REPUBLIKA.CO.ID, MEDAN -- Observatorium Ilmu Falak Universitas Muhammadiyah Sumatera Utara (Sumut) menyatakan bahwa peristiwa Gerhana Matahari Cincin (GMC) pada 26 Desember 2019 merupakan fenomena alam langka. Fenomena ini baru akan terjadi 12 tahun lagi.
Kepala Observatorium Ilmu Falak (OIF) Universitas Muhammadiyah Sumatera Utara (UMSU) Dr Arwin Juli Rakhmadi Butarbutar di Medan, Rabu (25/12), mengatakan secara keilmuan, momen GMC di Indonesia baru akan terjadi 12 tahun lagi.

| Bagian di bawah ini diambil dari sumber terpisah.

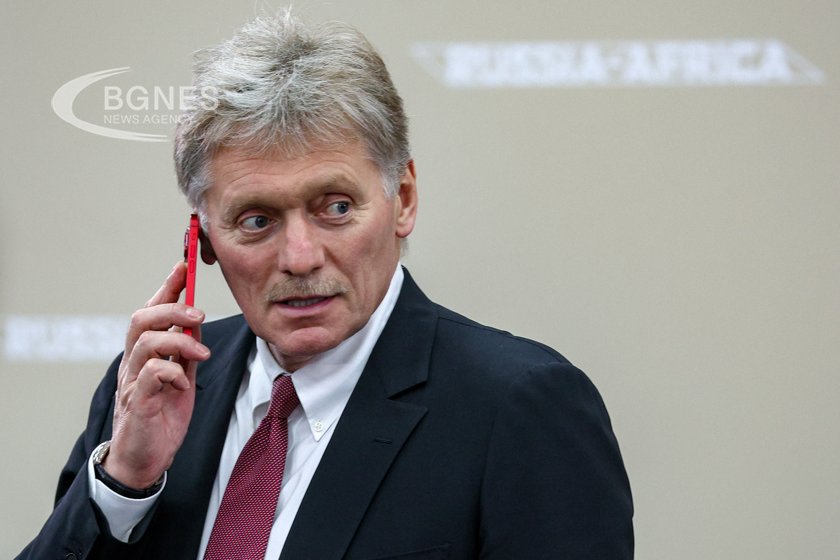 Песков: Не мога да потвърдя евентуална среща между Путин и Ким Чен Ун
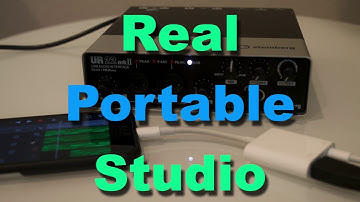 Using USB Audio Interface with iOS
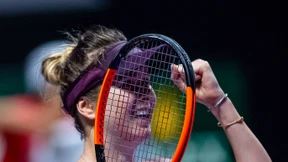 Titelverteidigerin Switolina unbesiegt im Halbfinale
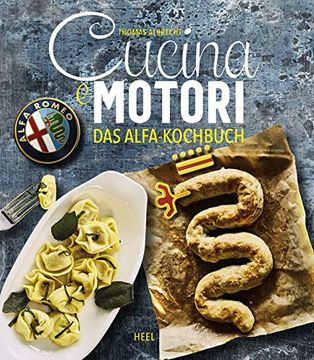 portada Cucina e Motori (en Alemán)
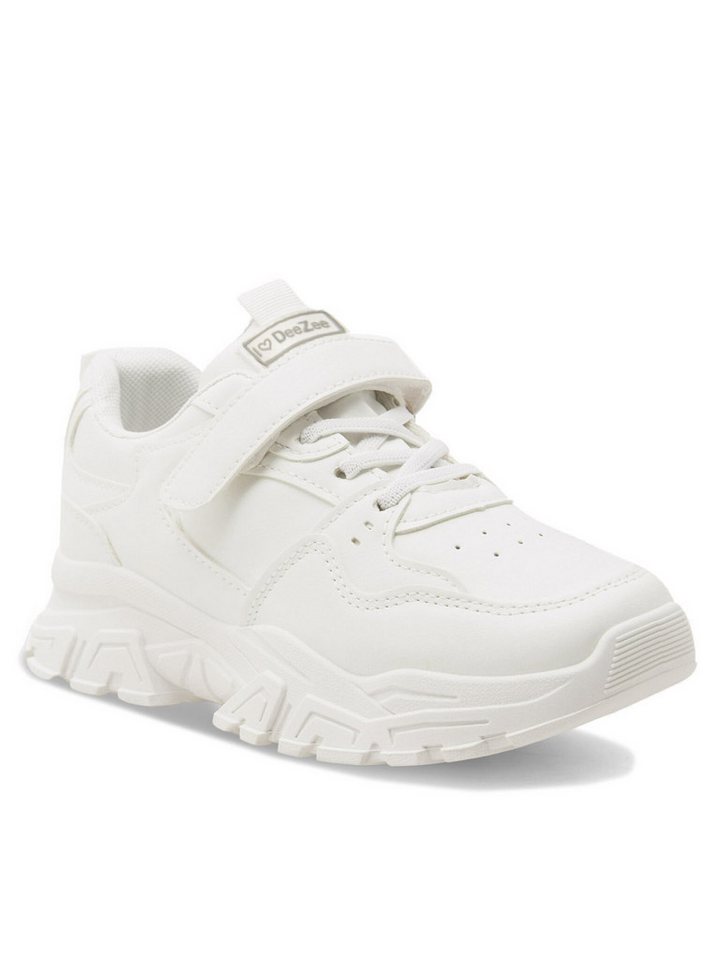 DeeZee Sneakers TS5677K-02AA WeiĂź Sneaker DeeZee Sneakers TS5677K-02AA WeiĂź Sneaker von DeeZee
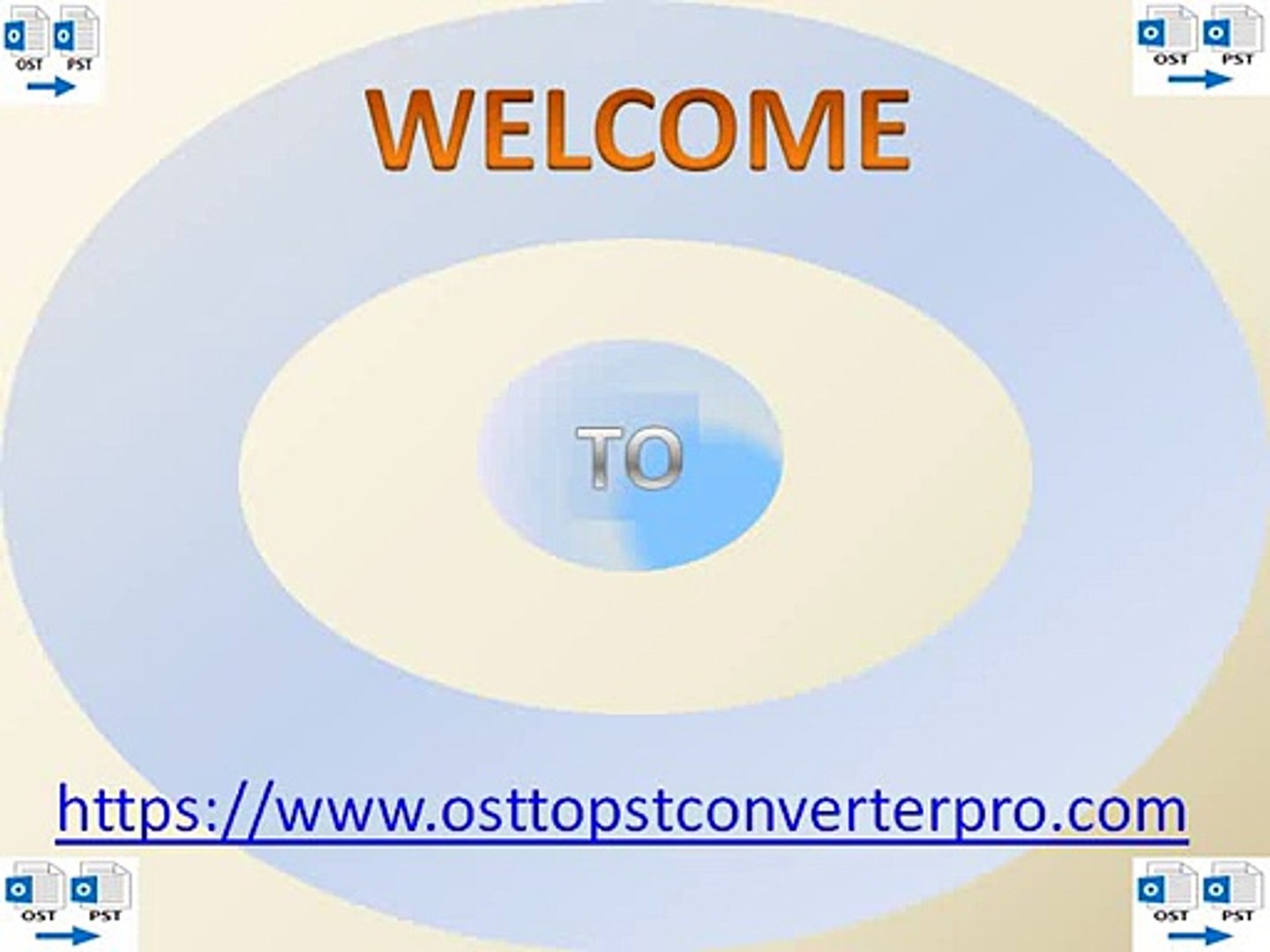 ⁣Outlook pst repair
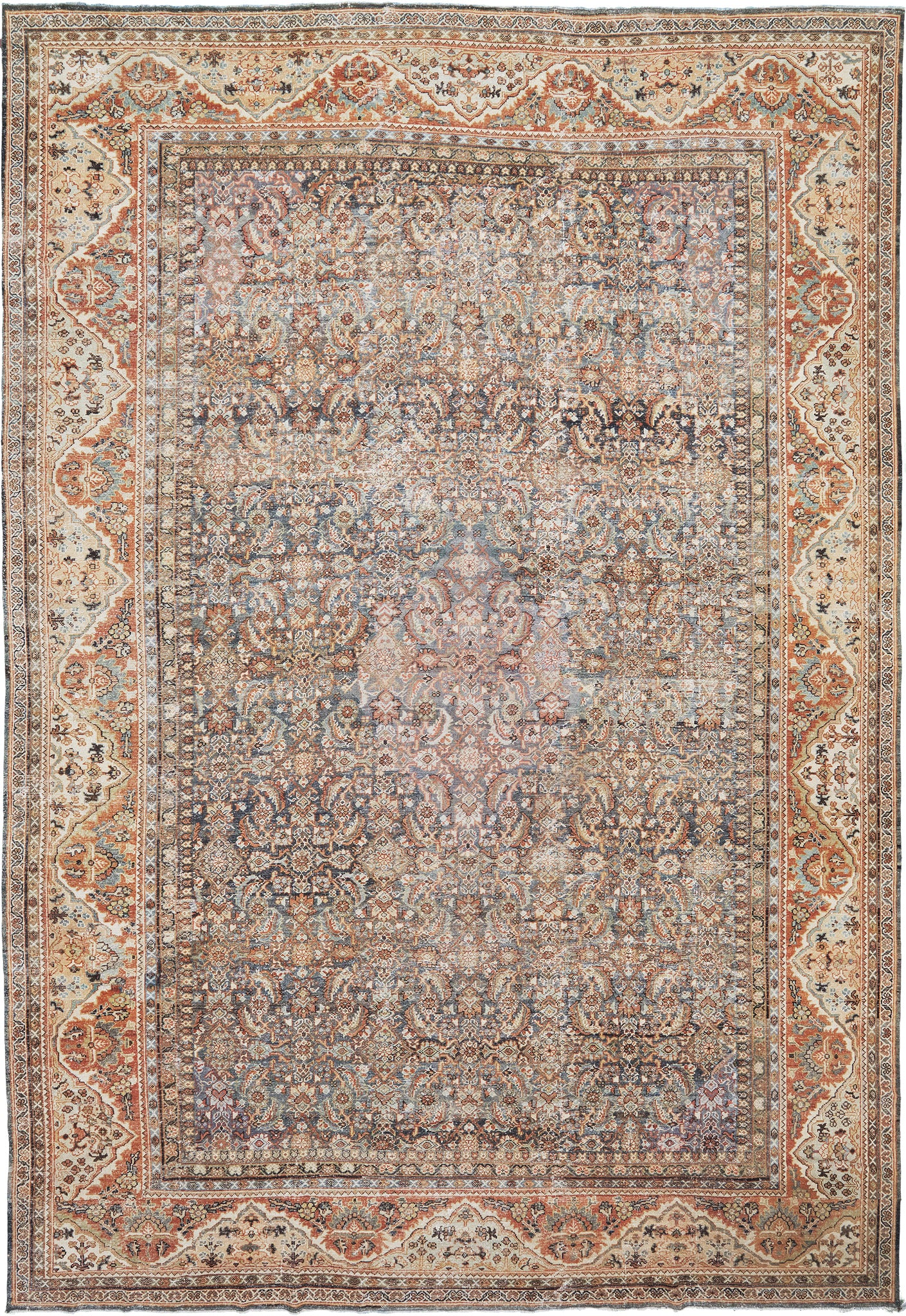 Antique Persian Mahal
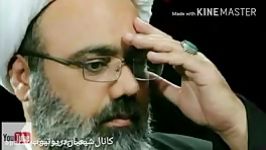 سخنرانى استاد مهدی دانشمنددعا كنید حرفایى كه آخوندها میزنن دروغ باشه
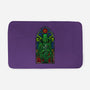 Temple Of Cthulhu-none memory foam bath mat-drbutler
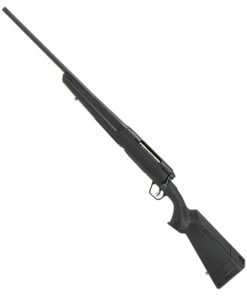 Savage Arms Axis II 223 Remington Matte Black Left Hand Bolt Action Rifle - 22in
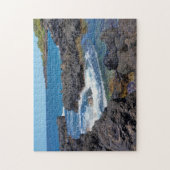 Breedpools aan het einde van de wereld legpuzzel (Verticaal)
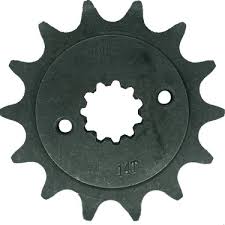 Motospartan Ön Dişli 14t Cfmoto 250nk Öm İç 22 Mm 11 Tırnaklı 2 Delikli (520 Zincir İçin)
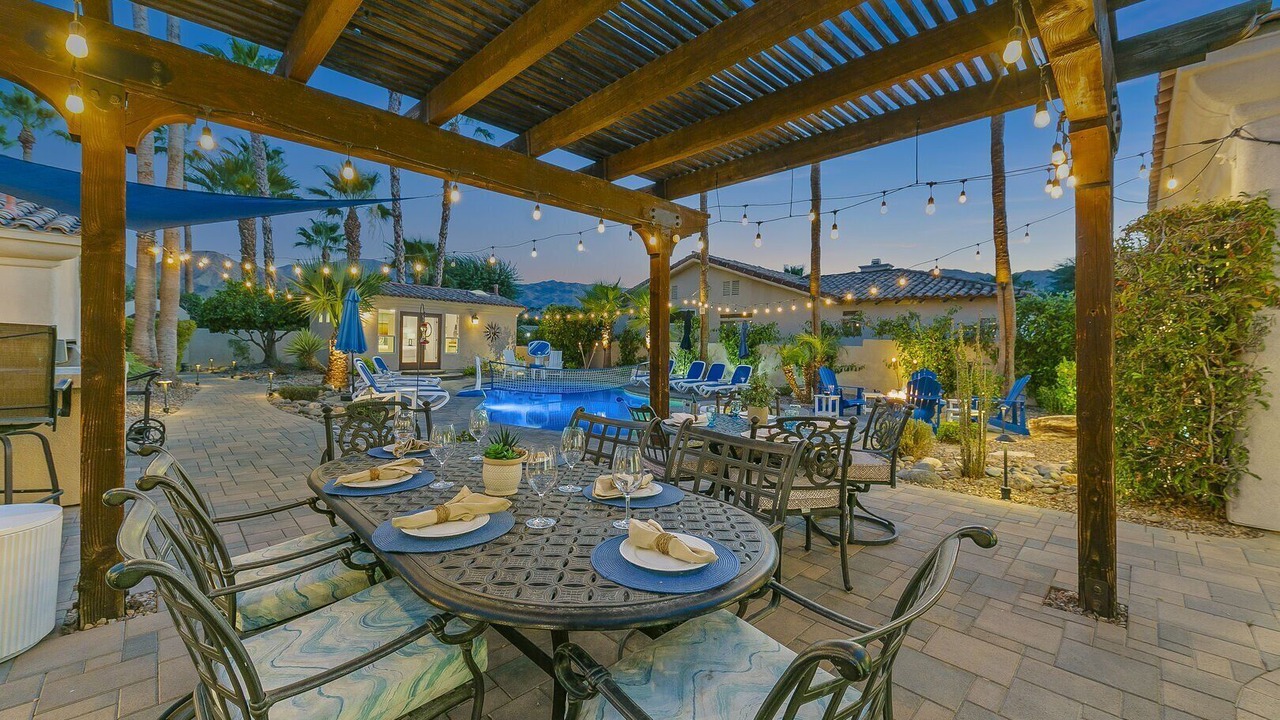 Photo of Bedroom in Desert Club Estates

GMC berikutnya baru akan melintasi Indonesia pada tanggal 21 Mei 2031.
"Disebut langka karena gerhana matahari cincin terakhir terjadi sekitar satu dekade lalu dan berikutnya akan berlangsung pada tahun 2031 mendatang," katanya.
Arwin menjelaskan Gerhana Matahari terjadi ketika bumi, bulan, dan matahari berada dalam satu garis lurus. Ketika itu, bulan menghalangi sebagian atau seluruh cahaya matahari.
Manusia di bumi akan menikmati Gerhana Matahari Cincin atau Total tergantung pada jarak antara bumi, bulan, dan matahari.
Gerhana Matahari Cincin terjadi ketika bulan berada pada titik yang lebih jauh dari bumi, sehingga meskipun ia berada segaris dengan matahari dan bumi, piringannya yang lebih kecil tak bisa menghalangi seluruh cahaya matahari. Sementara Gerhana Matahari Total terjadi saat bulan berjarak cukup dekat dengan bumi. Saat itu, piringan bulan terlihat lebih besar dan mampu menutup seluruh permukaan matahari.
"Sementara peluang gerhana Matahari Cincin akan cukup besar ketika bumi berada pada titik terdekat dengan bintang induknya itu. Fenomena ini biasanya, meski tak selalu, terjadi pada akhir atau awal tahun," katanya.
Gerhana matahari total terakhir kali pernah terjadi sebelumnya di Indonesia, yaitu pada 1983, 1988, 1995 dan 9 Maret 2016 diperkirakan baru akan terjadi lagi pada 2023. Sedangkan Gerhana Matahari Cincin seperti 26 Desember 2019 mendatang, sebelumnya pernah terjadi di Indonesia pada tahun 1998.